Data for this task:
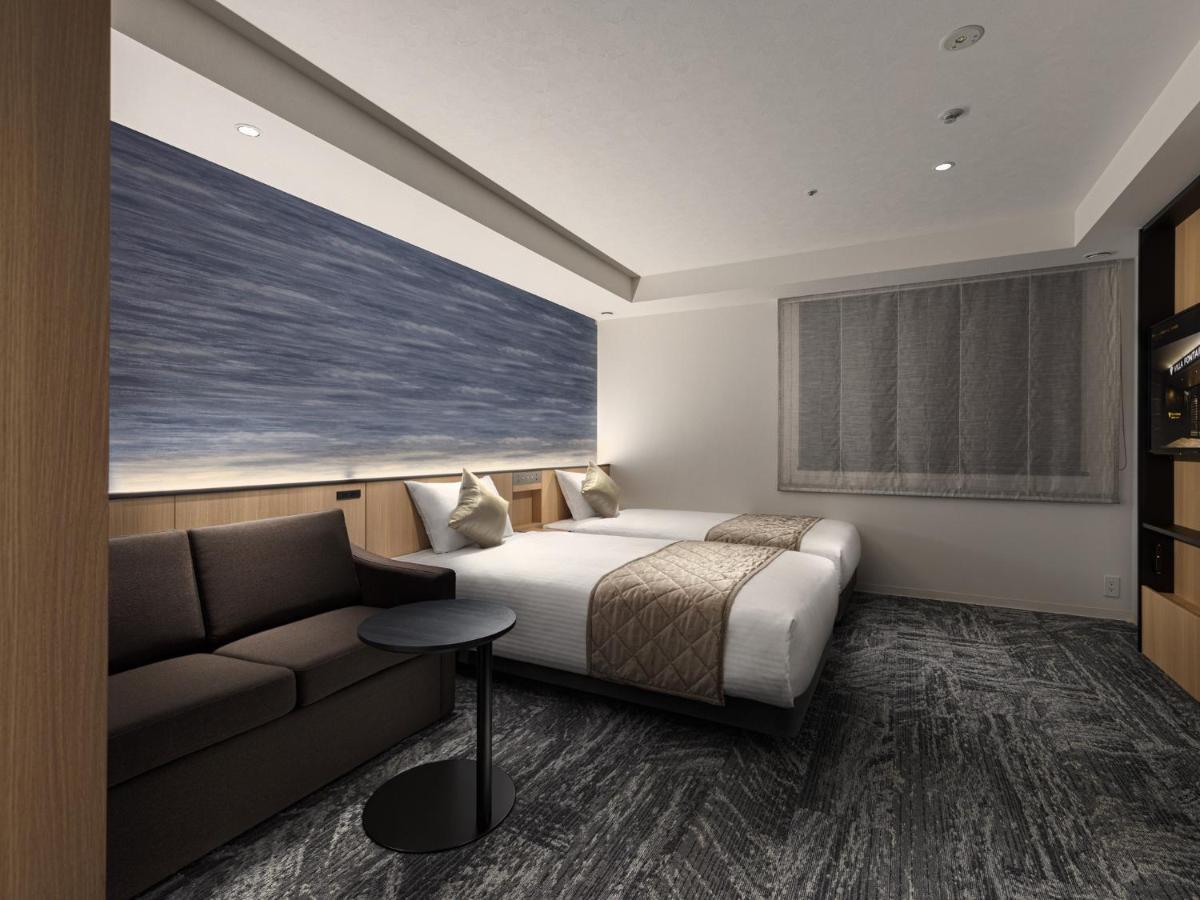 Villa Fontaine Grand Osaka Umeda Экстерьер фото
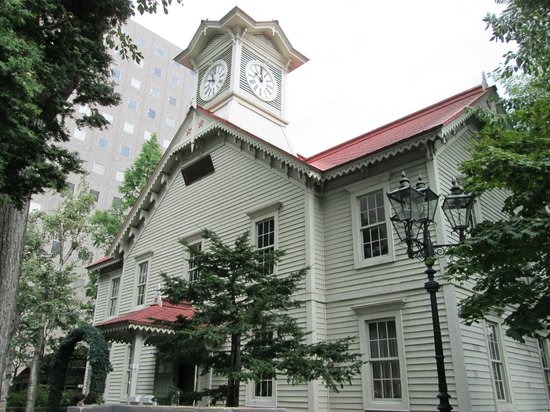 Clock Tower (Tokei-dai)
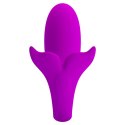 PRETTY LOVE - JAYLEEN, 12 VIBRATION FUNCTIONS MOBILE APP LONG-DISTANCE CONTROL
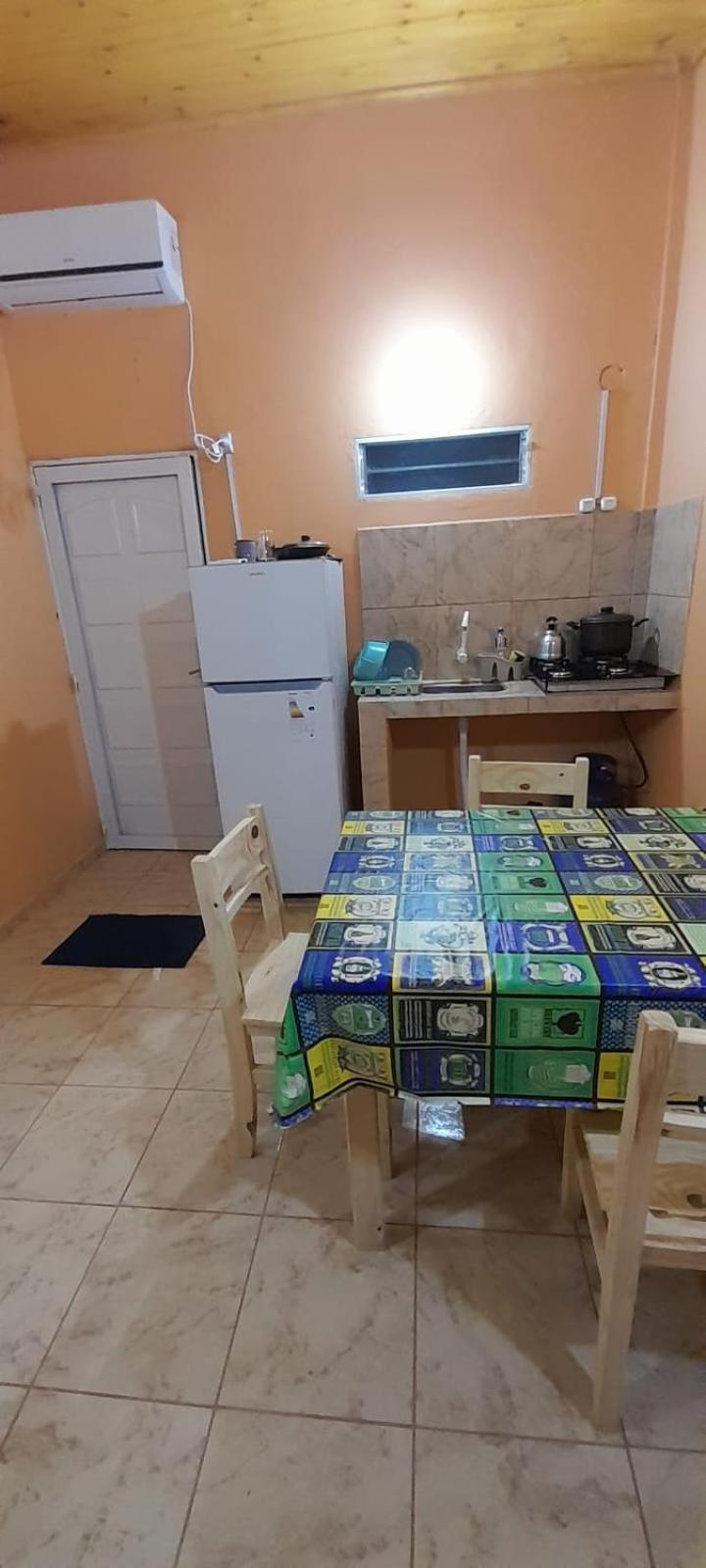 Apart Farfalla Puerto Iguazu Exterior photo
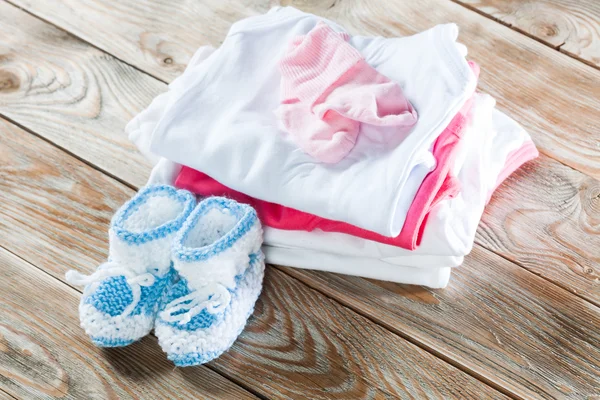 Baby clothing — Stock Photo, Image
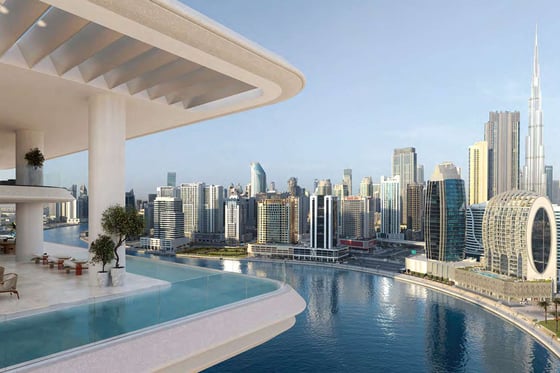 Luxury | Dorchester Collection | Burj Khalifa View, picture 3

Exercise details:
What should appear is an exact copy of the lines from the one containing "PRETTY LOVE - JAYLEEN, 12" through the last line of the records above, pictures excluded.

Response to the task:
 PRETTY LOVE - JAYLEEN, 12 VIBRATION FUNCTIONS MOBILE APP LONG-DISTANCE CONTROL
 Apart Farfalla Puerto Iguazu Exterior photo
 Baby clothing — Stock Photo, Image
 Luxury | Dorchester Collection | Burj Khalifa View, picture 3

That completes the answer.